Pre-feelings are strongly linked to our anticipatory systems of motor control. Anticipation is one of the principal characteristics of human performance. Indeed, the ability to anticipate a future event separates the good athletes from the elite. In basketball, for example, anticipation in the form of a pre-feeling is needed to predict when it is the right time to “reach and jump” to block the opponent’s shot. Anticipation in the form of a pre-feelings also allows basketball athletes to hit and catch objects moving faster than they can see. This infers athletes need a pre-feeling to predict “what will happen next” to know “what to do next.”

The Origin of Pre-Feelings
More research is required to understand where pre-feelings come from. Are pre-feelings anticipatory responses that originate from our memory, or do they involve genuine influences from the future? The possibility that pre-feelings derive from information that comes from the future appears to many as absurd. However, discoveries in quantum physics and human consciousness suggest this proposition may be possible. Indeed, we now know that the world is not simply a deterministic mechanism; foundational equations of quantum physics not only support the common sense notion that time flows forwards, but it also highlights the possibility that time may also go backward. In other words, in quantum theory, the future and the past may affect the present and information from the past, present, and future coexist. Erwin Schrödinger’s non-linear equation supports this proposition. “People like us, who believe in physics, know that the distinction between past, present, and future is only a stubbornly persistent illusion,” he wrote in 1955.
We believe expert athletes receive information from the future because they shut down the conscious mind and utilize the unconscious/quantum mind to process information.
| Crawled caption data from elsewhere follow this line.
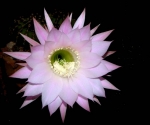 photodumois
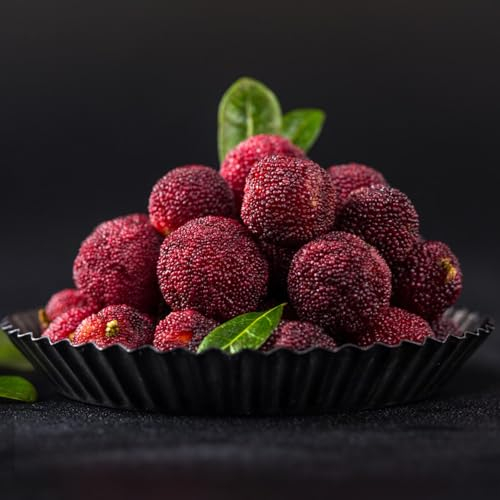 5 pcs arbutus früchte samen - säulenobstbäume bio saatgut frisches obst obstbäume obstsamen baumsamen exotische früchte bäume garten winterhart bonsai baum topfpflanzen draußen winterhart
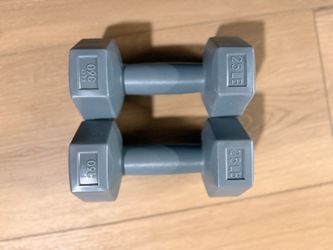 2.5lb weights grey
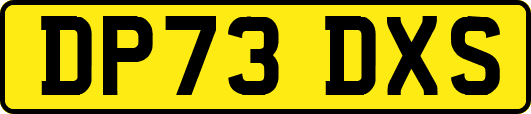 DP73DXS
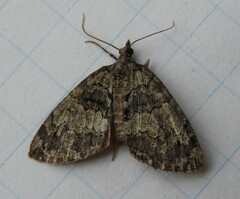 Hydriomena renunciata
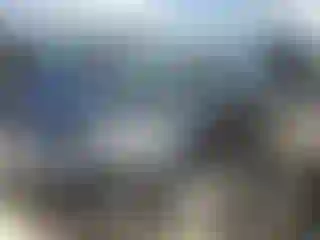 Vehicle Image- 2019 Ford Escape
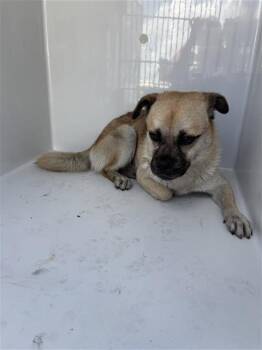 A661846 -  Pug and Chihuahua Dog for Adoption in Houston, Texas - A661846 | PetCurious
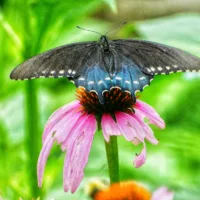 blue_butterfly_pink_flower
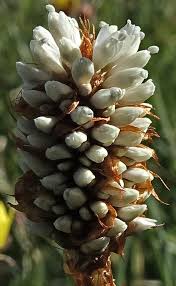 Attēlu rezultāti vaicājumam “Bistorta major leaf”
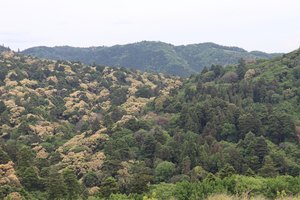 a2IMG 0855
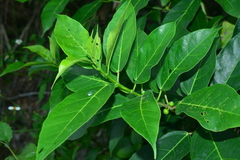 Ficus cumingii terminalifolia
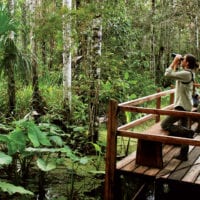 Walkways in Reserva Amazonica, Puerto Maldonado Amazon Peru Contours Travel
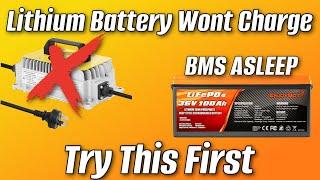 Lithium LifoPO4 Battery Wont Charge! Try This First!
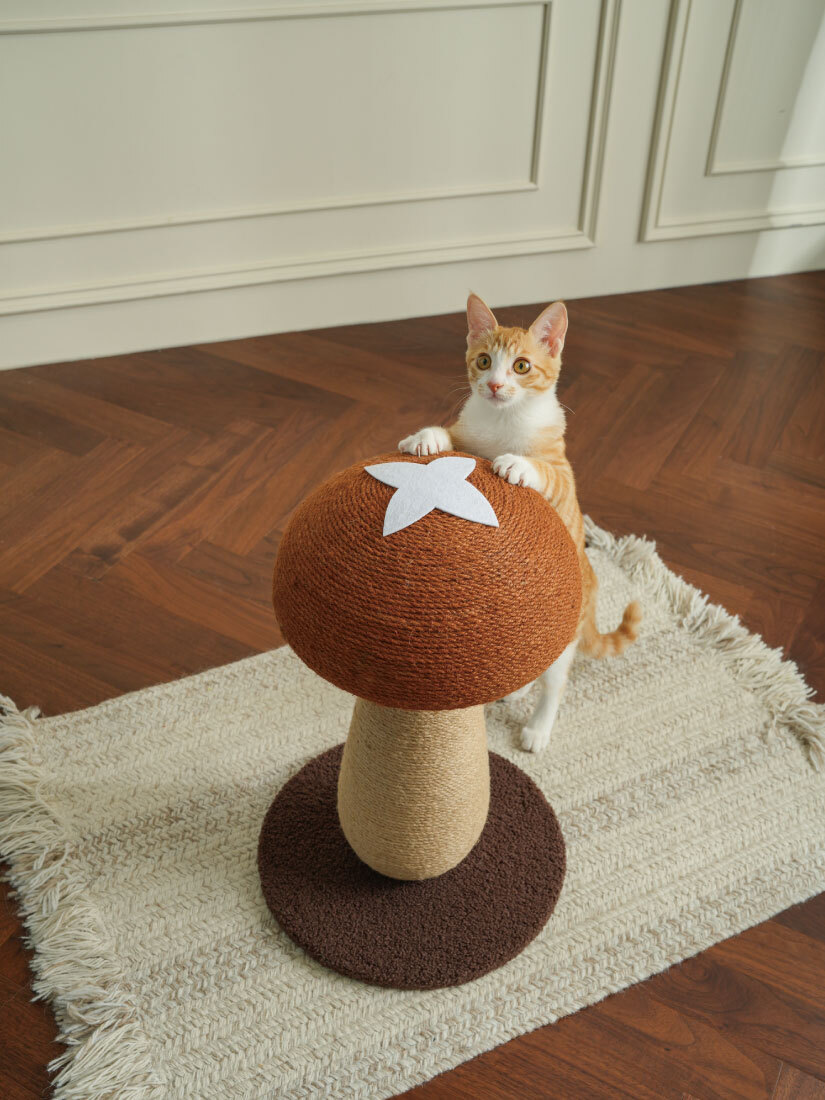 喵仙兒-叉叉菇劍麻貓抓柱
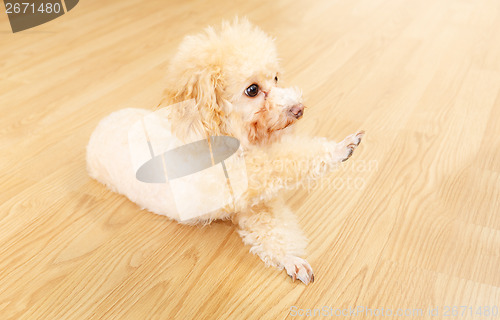Image of Toy poodle lying on floor and giving hand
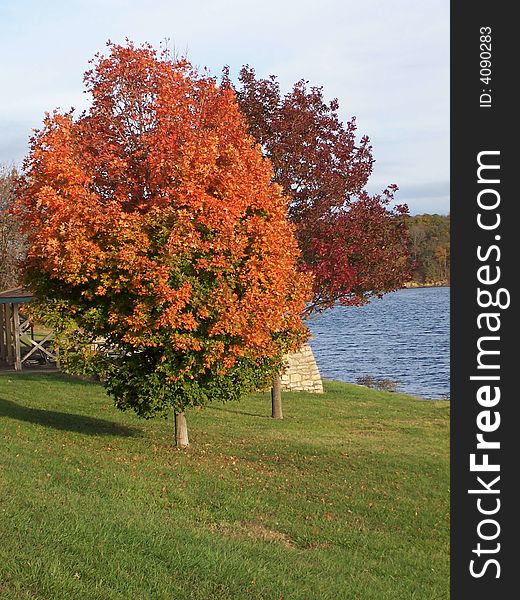 Autumn leaves on trees in a park with a lake. Autumn leaves on trees in a park with a lake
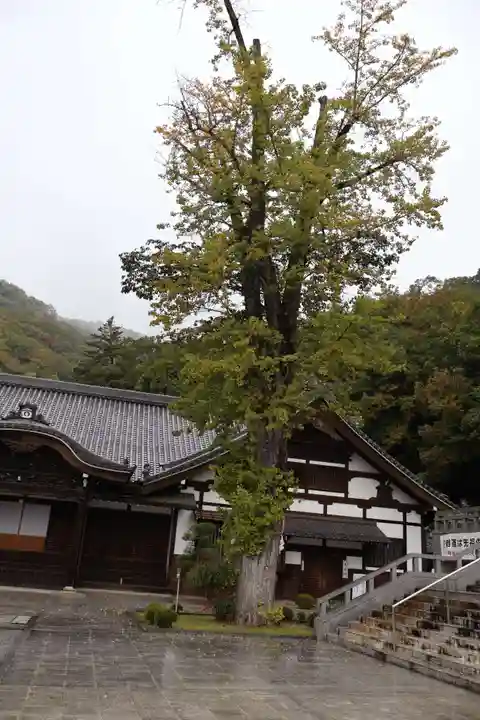 最上稲荷山妙教寺(岡山県)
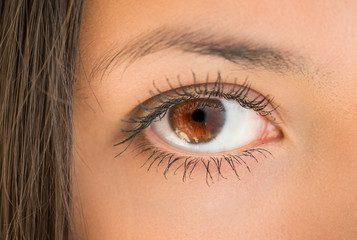 Human eye with reflection. Macro shot.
The act of shutting down conscious processing gives athletes access to what Carl Jung called the collective unconscious, which is a storehouse of absolute knowledge.
According to Jung, the collective unconscious is dominated by non-linear temporality. The lack of non-linear time means knowledge from the past, present, and future coexist and can be accessed simultaneously. We suggest that during optimal performance athletes enter a trance like state known as flow and at some stage of the flow state, the athlete has temporary access to absolute knowledge that emerges from the mind as it interacts with the collective unconscious. This produces a situation where the limits of time and space are transcended. In this realm, information can materialize from the past, present, or the future, enabling athletes to initiate creative acts and respond to sensory information with superfast thinking. This enables athletes to think faster, adapt faster, and be in the right place at the right time. For support of this proposition let’s go back to Wayne Gretsky’s statement: “I just go to where the puck is going to be.” Gretsky knows where the puck is going to be because he is receiving information about the future.
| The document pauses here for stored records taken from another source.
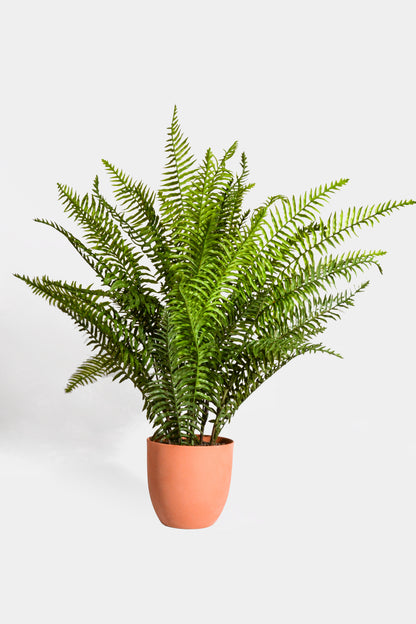 33" Real Touch Ruffle Fern In Pot Green
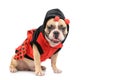 Adorable French Bulldog wearing a cute and funny Ladybug costume isolated Royalty Free Stock Photo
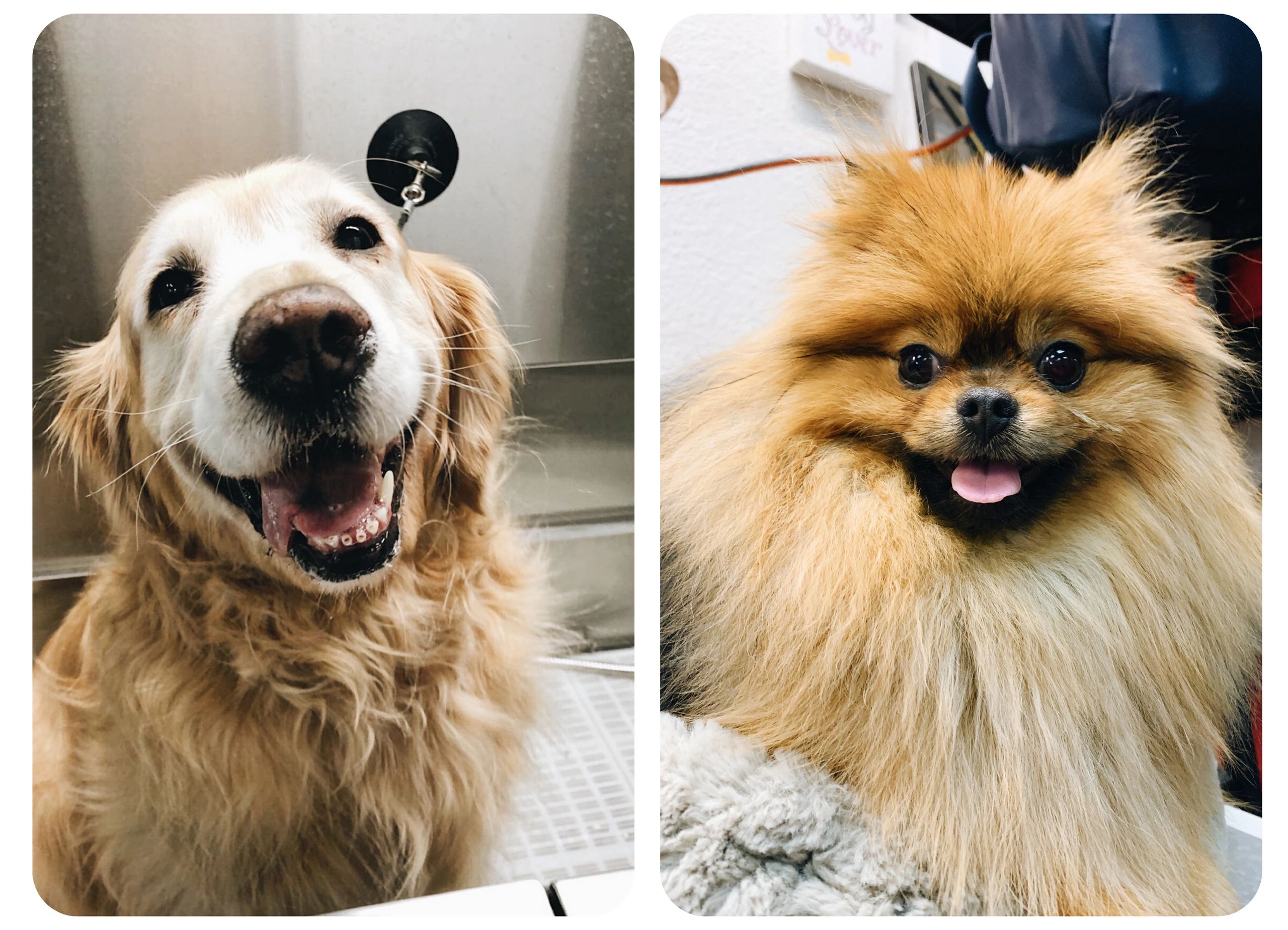 Dog Mah Boutique Barkery and Spa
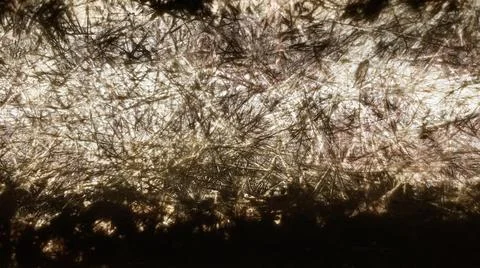 Abstract background brown light and dark brown vintage background Stock Photos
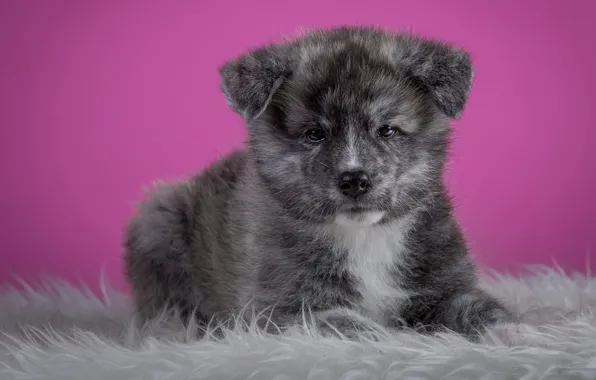 Grey, background, pink, dog, puppy, lies, fur, Akita inu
The overall findings of our studies are interesting because they support the idea that precognitions are real events and that elite athletes may unconsciously respond to information beyond the reach of their normal senses.
The results of our findings also suggest that intuition requires greater attention and investigation from the sports psychology community. It is our sincere wish that this study will inspire other researchers to investigate the role of intuition in sport.